Im Laufe seiner Karriere hatte Boris Becker schon viele Titel über: Er war Wimbledon-Sieger, Tennis-Trainer, Werbeikone, TV-Kommentator, Verfasser eines Erziehungsratgebers und Pokerspieler. Nun hat "Bobbele" einen neuen Job: Wie die Bild berichtet, wird der 50-Jährige jetzt Diplomat.

Boris Becker wird Diplomat

" Boris Franz Becker wird von der Zentralafrikanischen Republik mit sofortiger Wirkung zum Sonderattaché für Sport und kulturelle Angelegenheiten in der Europäischen Union ernannt", erklärt sein Anwalt Christian-Oliver Moder in einer offiziellen Mitteilung.

In den vergangenen Monaten hatte der ehemalige Tennis-Profi selbst mit einem Insolvenzverfahren für Schlagzeilen gesorgt. Nun will er Zentralafrika aus der Krise helfen.

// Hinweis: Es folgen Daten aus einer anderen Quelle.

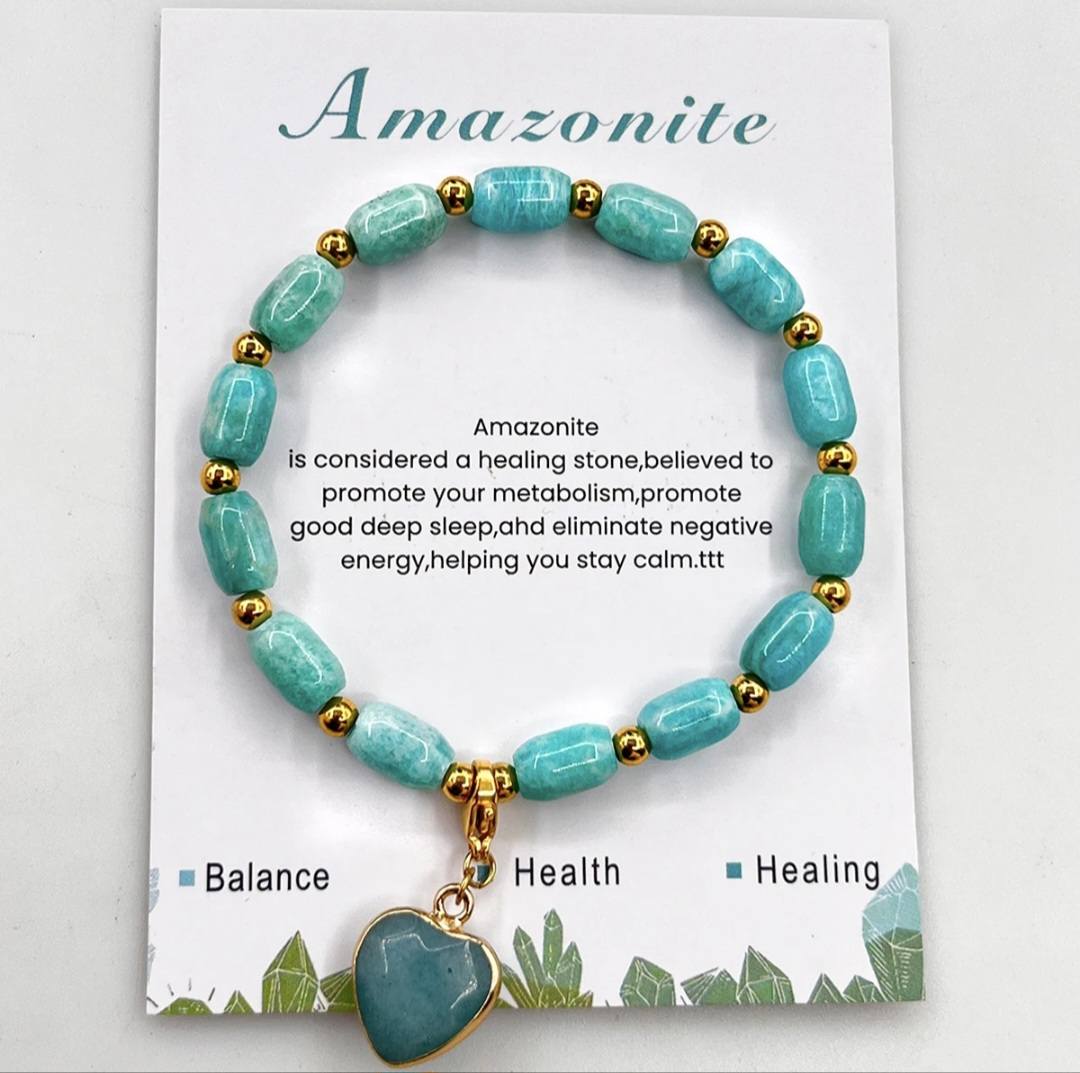 Enkle, fleksible Design Armbånd med naturstener og charms, Amazonite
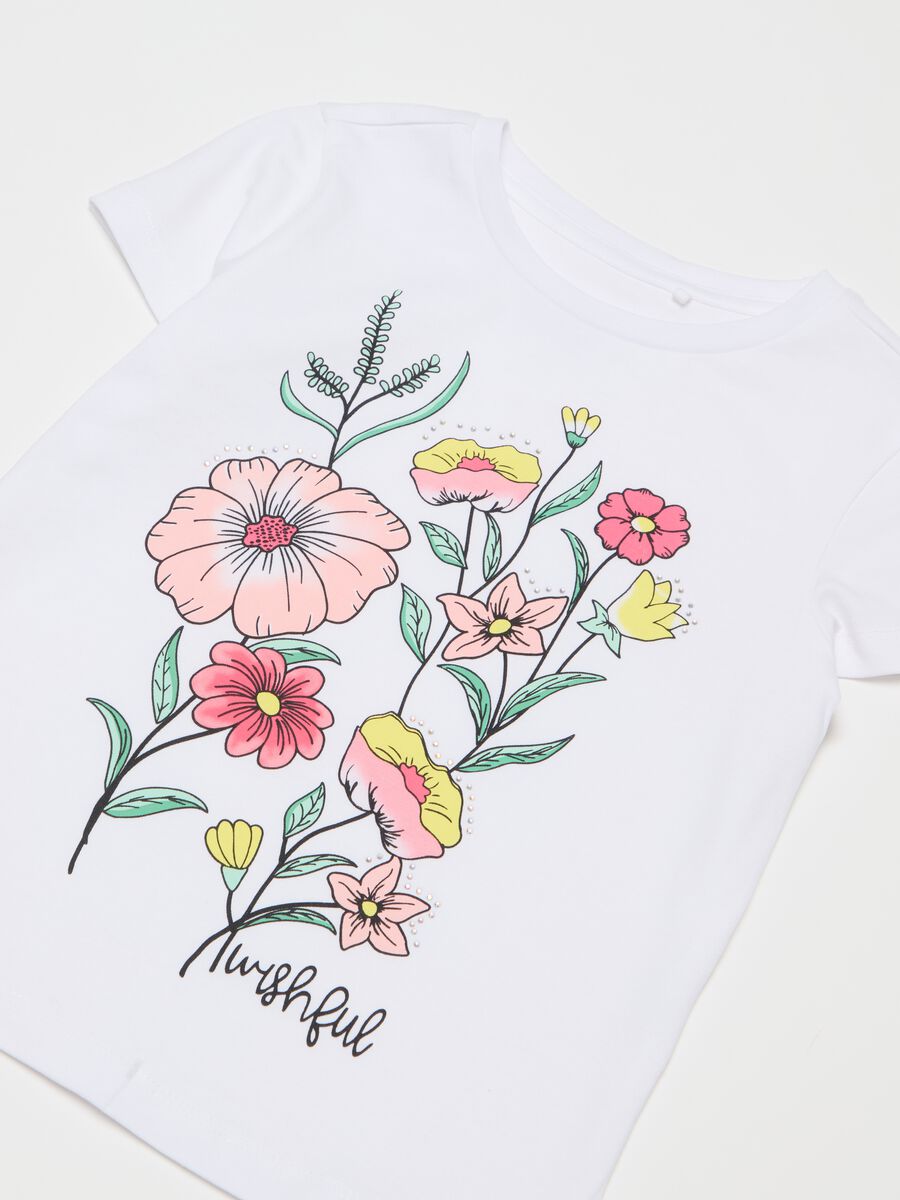 T-shirt with diamantés and flowers print_2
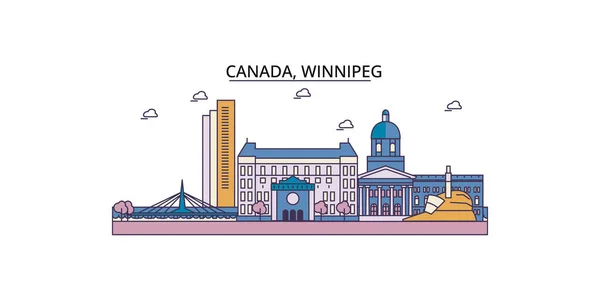 Kanada Winnipeg Resor Landmärken Vektor Stad Turism Illustration — Stock vektor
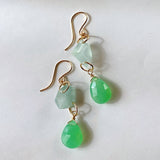 Gem chrysoprase and aquamarine earrings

"Ich fühle mich sehr geehrt, dass diese anspruchsvolle Aufgabe an mich herangetragen wurde", so Becker in dem offiziellen Statement. "Es gibt zwei Verständigungsformen auf der Welt, die von allen Menschen verstanden werden, egal welche Hautfarbe, Religion oder politische Gesinnung. Das sind Musik und Sport. Bei letzterer kenne ich mich aus."

Mit seinen "Beziehungen" und seinem "internationalen Netzwerk" will Becker dazu beitragen, das Land "sicher und die für die Bevölkerung lebenswert zu machen."

Seine neue Tätigkeit will er ehrenamtlich ausüben. Das Diplomaten-Amt bringt dem Ex-Sportler aber auch einige Vorteile: So erhält Becker Immunität in Belgien, die ihn unter anderem vor Ermittlungen und Festnahmen schützt. Zudem muss er in dem Land keine Steuern zahlen.

Seine angeblichen Schulden wird "Bobbele" aber trotzdem nicht los. "Boris Becker wird am 21. Juni 2018 von seiner Insolvenz entbunden. Diplomatische Immunität kann seinen Bankrott nicht beeinträchtigen. Nicht jetzt und nicht in Zukunft. Wenn er einen diplomatischen Posten besetzt, hat dieses keinen Einfluss auf seinen Bankrott", erklärt Michael Gibbs vom staatlichen Insolvenzdienst in London gegenüber der Bild.